# About this exercise
Needed from the data below: every line from the one with "String Modal Thong CUUP" up to and including the one with "Dahlie Pants Kikut M Längdskidbyxor Black, S", repeated exactly and with nothing else.

# Data excerpts
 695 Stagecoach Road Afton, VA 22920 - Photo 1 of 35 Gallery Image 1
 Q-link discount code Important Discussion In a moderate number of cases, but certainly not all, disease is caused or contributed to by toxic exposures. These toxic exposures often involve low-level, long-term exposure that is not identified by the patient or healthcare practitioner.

--

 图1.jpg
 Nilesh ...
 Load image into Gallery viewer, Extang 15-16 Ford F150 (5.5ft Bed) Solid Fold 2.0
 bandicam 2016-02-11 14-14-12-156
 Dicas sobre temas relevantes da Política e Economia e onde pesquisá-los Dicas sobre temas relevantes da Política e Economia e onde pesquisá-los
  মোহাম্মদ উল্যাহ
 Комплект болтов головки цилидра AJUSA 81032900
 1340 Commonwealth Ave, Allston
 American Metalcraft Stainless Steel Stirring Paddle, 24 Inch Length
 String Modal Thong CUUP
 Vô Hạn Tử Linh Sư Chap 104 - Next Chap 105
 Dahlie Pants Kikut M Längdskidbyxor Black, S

---

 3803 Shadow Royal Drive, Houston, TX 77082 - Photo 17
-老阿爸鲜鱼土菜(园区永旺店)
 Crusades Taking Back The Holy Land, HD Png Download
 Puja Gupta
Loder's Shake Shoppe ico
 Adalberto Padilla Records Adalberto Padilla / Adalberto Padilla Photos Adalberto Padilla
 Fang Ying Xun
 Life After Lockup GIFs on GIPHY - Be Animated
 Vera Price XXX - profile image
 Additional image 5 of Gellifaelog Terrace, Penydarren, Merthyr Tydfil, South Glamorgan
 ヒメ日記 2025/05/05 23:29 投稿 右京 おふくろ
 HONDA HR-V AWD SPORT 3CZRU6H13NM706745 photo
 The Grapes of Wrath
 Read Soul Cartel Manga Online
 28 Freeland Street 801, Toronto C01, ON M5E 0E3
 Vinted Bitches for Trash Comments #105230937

# Written reply
 String Modal Thong CUUP
 Vô Hạn Tử Linh Sư Chap 104 - Next Chap 105
 Dahlie Pants Kikut M Längdskidbyxor Black, S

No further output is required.